Adding continuous brake control in the Carla Env.py

sheelabhadra / Learning2Drive

Implementation of the paper "Learning to Drive in a day" in CARLA.

MIT License

8 stars 1 forks source link

Adding continuous brake control in the Carla Env.py #3

Closed Jidenna closed 4 years ago

Jidenna commented 4 years ago

Thanks for the fantastic work you have done here.

So I am trying to add brake to the agent continuous control. I noticed from your code in env.py you set:

control.brake = 0. which is understandable to not need a brake control for a simple lane following task. So when I tried to add other cars and pedestrians, the agent never learns to brake and always collides.

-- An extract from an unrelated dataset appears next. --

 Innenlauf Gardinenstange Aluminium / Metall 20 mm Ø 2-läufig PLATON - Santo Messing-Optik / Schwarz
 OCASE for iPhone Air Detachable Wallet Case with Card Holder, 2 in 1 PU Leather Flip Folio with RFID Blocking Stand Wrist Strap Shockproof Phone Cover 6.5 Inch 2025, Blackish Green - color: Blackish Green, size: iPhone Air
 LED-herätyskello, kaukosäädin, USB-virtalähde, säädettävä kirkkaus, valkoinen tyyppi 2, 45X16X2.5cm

I have tried to set control.brake = float(np.abs(np.clip(action[1], -1, 0))) but it doesn't seem to work. Is this because you are using the control() from carla_server_pb2 rather than the standard VehicleControl() from carla.client?

If yes then how do I go about adding a continuous brake control into your code?

Thanks

sheelabhadra commented 4 years ago

Hi @Jidenna, in my experiments, I restricted the throttle to be between 0.4 and 0.6 (line 21 in env.py). If you wish to add brake control, you could skip the code in lines 105-108 in env.py. I think setting the throttle and brake in the following manner should work.

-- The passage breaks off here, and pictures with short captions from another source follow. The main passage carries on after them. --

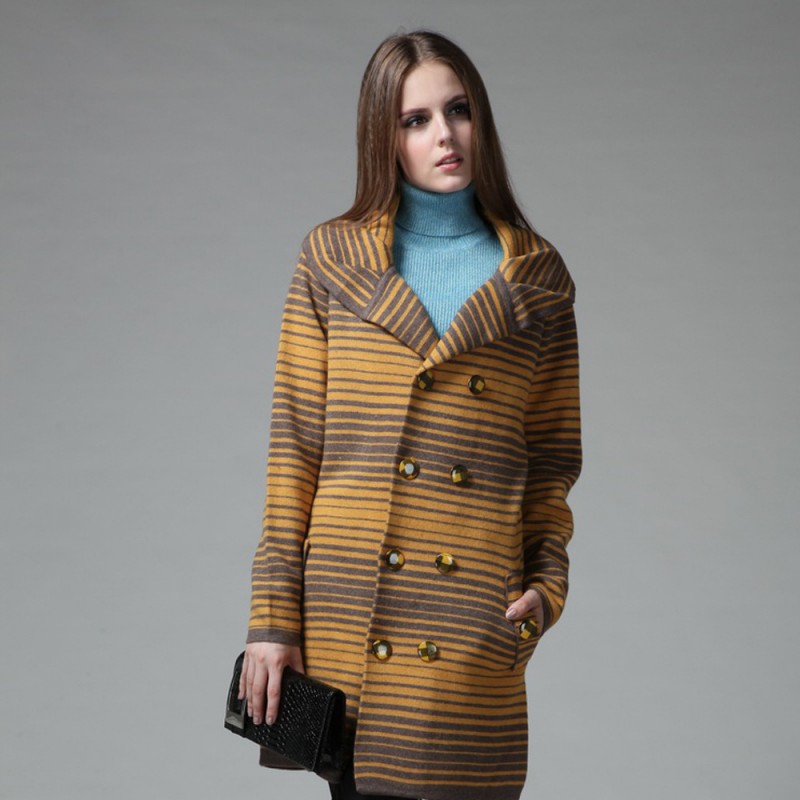 廠傢直銷冬季熱賣 長款直筒條紋大衣女式羊絨針織毛衣外套批發・進口・工廠・代買・代購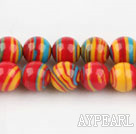 turquoise beads,6mm round,multi color,sold per 15.35-inch strand
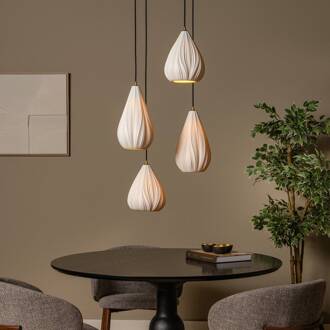 Lucide hanglamp Cinzia, wit/zwart, Ø 55 cm, porselein, 4-lamps. wit, zwart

control.throttle = float(np.clip(action[1], 0, 1))
control.brake = float(np.abs(np.clip(action[1], -1, 0)))

Jidenna commented 4 years ago

Thanks for taking the time to response to this.

So the brake control now works like you suggested it would. However the vehicle brakes too often and most times, it doesn't move for several timestamp but still accumulates a good reward.

I have added a reward to punish the agent for not moving using the following code:

self.nospeed_times = 0
forward_speed = measurements.player_measurements.forward_speed
if forward_speed*3.6 <= 1.0: # convert speed from m/s to km/h
            self.nospeed_times+=1
            if self.nospeed_times>200: # if it gets stuck for 200 steps then reset and punish 
                done = True
            reward = -1

However this is still not a viable solution to fulfilling my ultimate goal which is to make the agent learn to brake before colliding against other dynamic vehicle. This was why I needed the brake control in the first place

Is there a workaround to achieve this? Sorry i am still new to this and I would really appreciate your help.

sheelabhadra commented 4 years ago

Yes, the problem with adding brake control is that it takes time for the agent to understand that braking often is bad. If you also need to handle dynamic obstacles, you would need to design a much more complex reward function than what I have used. I would suggest you take a look at this repo for some ideas. Hope that helps!

Jidenna commented 4 years ago

Thanks for all the help.

Aarnnity commented 3 years ago

Thanks for all the help.

Hi, can you share the code about DDPG? I saw your message, you added a braking behavior for continuous control, I want to learn. Hope to get your reply.